Your powerhead is in a good spot, no doubt. Im just concerned that your waterflow in your 75 gal might be way too much for your Spilo. Yes, some Ps love currents.. some dont. But you have to think about the power of waterflow compared to the size of the tank. An 802 is good, but an added XP3 might have a hurricane effect in the tank (power of flow is stronger than what you see on top of the water). If your Spilo looks like he's still trying to keep away from the current, I suggest you either remove, replace, or minimize the power of the 802. It'll give your P some dead spots where he can chill with and swim against the current when he wants to.

Moved to Tank and Equipment Questions


----------



## 10RedBellyPiranhas (Aug 24, 2003)

i got a 150 gallion and i got 4 of theme the two on the sides shoot down and the two in the middle are at the bottom and the shoot up at angles and my reds swim through it all day


----------



## elTwitcho (Jun 22, 2004)

Mine swim in it.

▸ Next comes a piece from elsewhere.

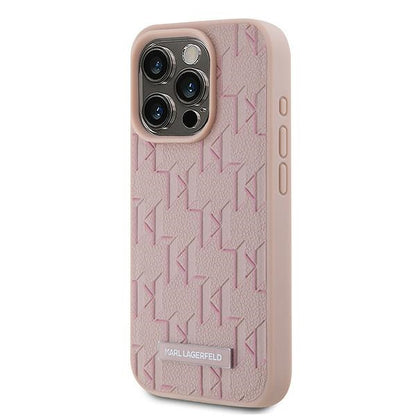 Pouzdro MagSafe pro Apple iPhone 15 Pro, Karl Lagerfeld, Monogram Metal Logo, Růžová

They swam in my xp2 output constantly and I just added my 802 last night and they seem to love it. I have it about 10 inches off the substrate pointed at an angle towards the front glass. This causes the water to flow along the glass and my fish swim along the front in the currents for about an hour or so when I turn it on.


----------



## seharebo (Jul 19, 2004)

My Ps don't swim in it at all, but it has only been in the tank for two weeks or so. I just take heart in the fact that it is adding current to the tank.


----------



## Judazzz (Jan 13, 2003)

My manueli couldn't care less, so I replaced the powerhead by a Fluval 4 filter - also 250gph.
My reds occasionally swim in the current for a few seconds, but I've never seen them do proper excersizes...

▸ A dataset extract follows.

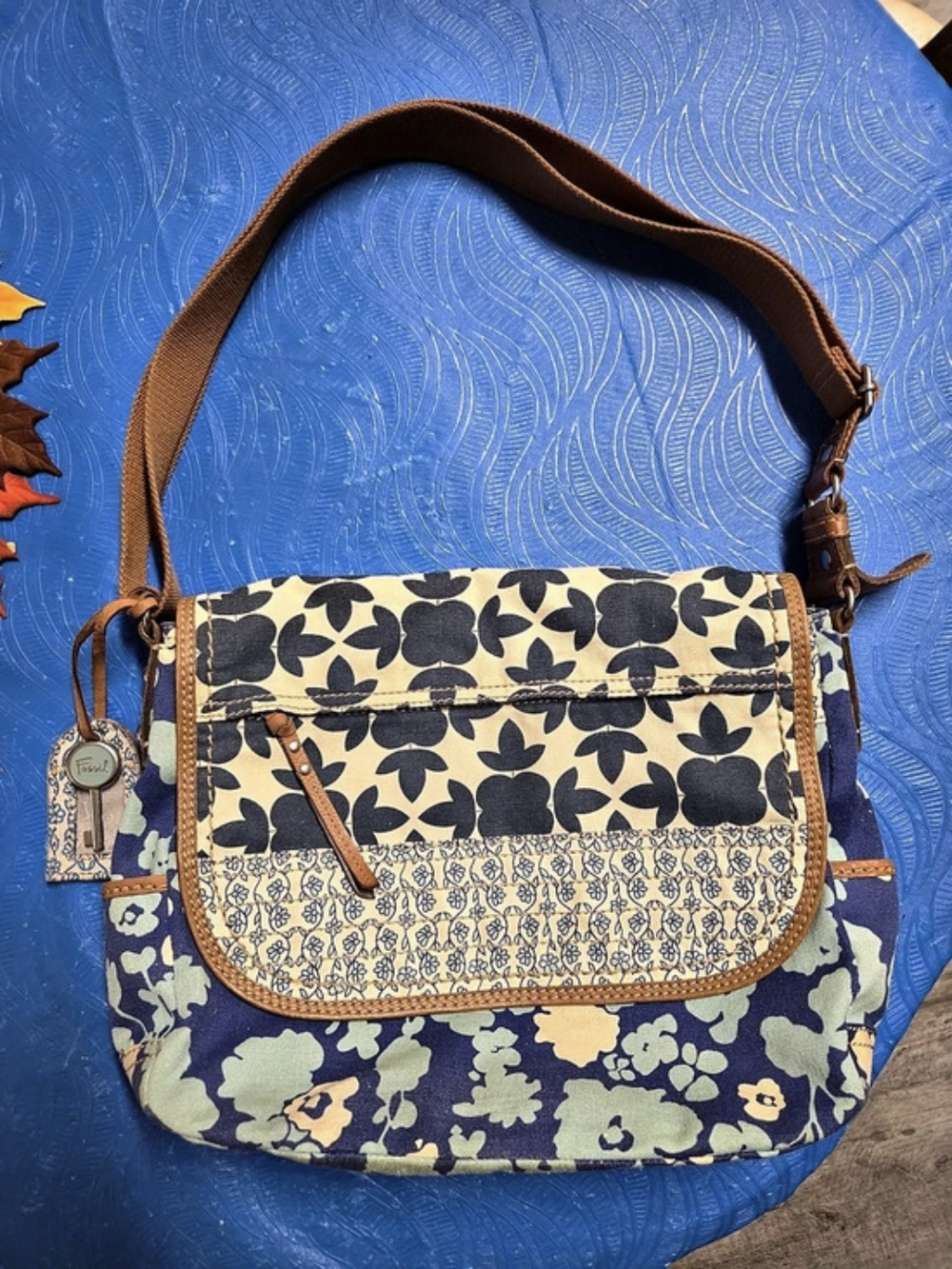 Fossil Key-Per Floral Canvas Crossbody Messenger Bag Shoulder Bag Blue & Green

Oh well, a bit of current never hurts.


----------



## Little Waffen (Mar 13, 2004)

my 1 tank with 5 p's in it love the powerhead thats all they do is swim,,and in my other p tank ,,,they dont give a sh*t,,,,in my black rhom tank he loves it ,, so i guees it depends on the fish ,,,,some like it some dont ,,,time will tell


----------



## charles_316 (Jul 6, 2004)

my rbps dont swim in the powerhead current but its good to circulate things around the tank so that the filter can do its job more effectively...


----------



## GoodFella (Aug 5, 2004)

I got one 802 in my 55 and an XP3 outake pointing from the other side. My P's love swimming in the current and It prolly gives 'em a good work out. My 802 and outake for the XP3 are a couple inches below the top of the tank.


----------